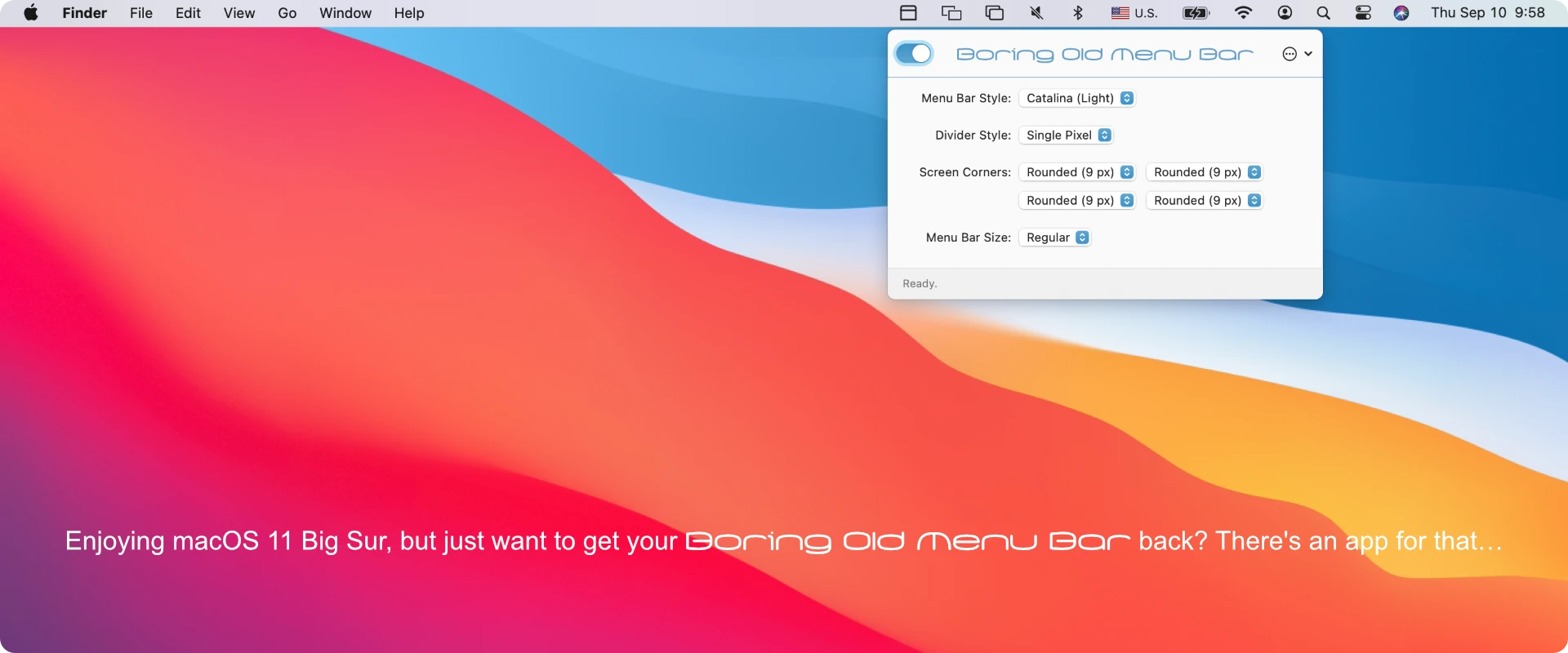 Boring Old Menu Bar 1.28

--

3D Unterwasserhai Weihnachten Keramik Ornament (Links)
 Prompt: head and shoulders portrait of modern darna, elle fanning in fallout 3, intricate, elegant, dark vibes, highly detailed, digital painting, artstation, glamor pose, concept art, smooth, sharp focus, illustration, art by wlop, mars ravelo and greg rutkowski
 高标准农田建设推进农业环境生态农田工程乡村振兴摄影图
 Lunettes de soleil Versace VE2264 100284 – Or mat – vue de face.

* **WORK TASK**
The required output is every line above from the one with "Prompt: head and" down to the one with "Lunettes de soleil", restated word for word, ends included.

* **RESULT OF THE EXERCISE**
 Prompt: head and shoulders portrait of modern darna, elle fanning in fallout 3, intricate, elegant, dark vibes, highly detailed, digital painting, artstation, glamor pose, concept art, smooth, sharp focus, illustration, art by wlop, mars ravelo and greg rutkowski
 高标准农田建设推进农业环境生态农田工程乡村振兴摄影图
 Lunettes de soleil Versace VE2264 100284 – Or mat – vue de face.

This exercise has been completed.